With the basketball lockout dragging into Thanksgiving and even a partial season increasingly in doubt, networks that don't carry the NBA are trying to poach advertisers from networks that normally do.
Their sales pitches are focusing on sports programming and other entertainment options that cater to young men, according to interviews with multiple industry insiders, as well as integrated digital and social-media marketing opportunities that networks are painting as very much on the rise.
"I have three young male brands that can be a great alternative to the NBA," said Jeff Lucas, head of sales for Viacom Media Networks Music and Entertainment Group, confirming that his sales team is pitching NBA advertisers. "Business has to go on. Advertisers have to sell product. They can't just sit on the sidelines and wait."
Viacom has already "seen some ad dollars flow our way," Mr. Lucas said, though he wouldn't name specific marketers making the jump.
"Every sales team on the street has an NBA alternative plan they're pitching to advertisers," said Jeff Siegel, senior VP for global media sales at digital technology company Rovi and a former sales executive at ESPN. "I think people were holding on to money in the hope that the season would be saved. But people are more pessimistic now, and you'll start hearing more about money shifting because people have to make plans."
The lowest-hanging fruit for would-be poachers: brands that specifically need sports ratings points to market new product launches. Adidas, for example, had been slated to air an ad during NBA games of Chicago Bulls star Derrick Rose evading bull fighters for the launch of its new adiZero Rose 2 shoe. But with the NBA off the air, Adidas moved that money to pro football broadcasts, according to people familiar with the shift.
Whether the poaching efforts resonate with marketers, however, remains to be seen. ESPN, which said it's working closely with advertisers and is "prepared to re-express dollars currently committed to the NBA to other properties," is protected by a deep menu of sports programming options. Turner, whose TNT network airs NBA games, said it's moving ad dollars to platforms like TBS and Adult Swim, and will be bolstered by its share of NCAA men's college basketball tournament games in March.

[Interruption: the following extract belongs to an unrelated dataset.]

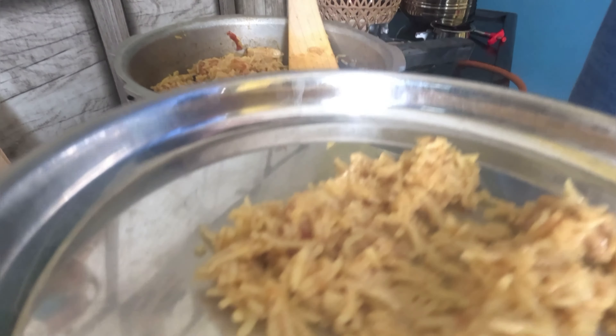I have two cups in this cup, so I have four cups in total. Okay?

But missing the start of an NBA season is one thing. NBA advertising dollars are heavily backloaded toward the second half of the season and the playoffs, so if the lockout stretches past into next year, holding on to that money will become a taller order.

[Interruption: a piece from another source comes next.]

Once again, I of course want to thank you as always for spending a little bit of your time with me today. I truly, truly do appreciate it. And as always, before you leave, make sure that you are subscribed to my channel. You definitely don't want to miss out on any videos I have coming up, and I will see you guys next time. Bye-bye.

"To date [ESPN and Turner] have been fairly successful in maintaining some of the spend level they would have had in NBA programming," said Bryce Townsend, CEO of Group M ESP, Group M's entertainment and sports marketing arm. "For both ESPN and Turner, as we get later into this year and into next year, it definitely becomes more challenging. You have brands that will exercise options to pull back their commitments."
Among the most likely successful poachers could be CBS, Fox and its portfolio of sports programming, NBC and its soon-to-be relaunched sports network, and Viacom Media Networks Music and Entertainment Group, which includes Spike TV, Comedy Central and MTV2.

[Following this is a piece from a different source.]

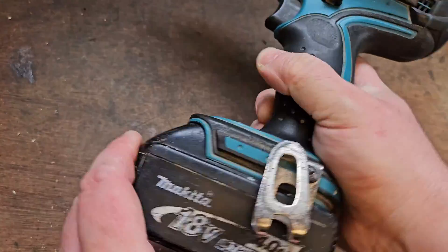Hello and welcome. Today we've got this BHP452. This is an old Makita brush machine, and this one's got an issue.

By no means are the bottom lines of either network in peril yet, and there's no indication of an impending mass exodus of NBA advertisers. But the sales pitches are sure to continue and intensify as time goes on.
"They know there are ad dollars in play," said a top sports marketing executive who used to work with the NBA. "Right now, it's a buyers' market. The other networks have to be creative in how they're trying to provide opportunities to swing advertisers in their direction. Keep in mind that a lot of this is about trying to reach a male demographic, and there's a significant amount of content that 's no longer available.
"It makes the scatter marketplace more robust, because you've got a billion dollars of inventory now floating around," this executive added. The "scatter" market is where marketers buy ad time close to air date, as opposed to the annual "upfront" market where they make commitments ahead of time.
Christmas Day, when the NBA usually airs a full slate of big matchups on national TV, could become a turning point for advertisers and networks if it passes with no basketball, according to Mr. Townsend. "That would be a big loss," he said.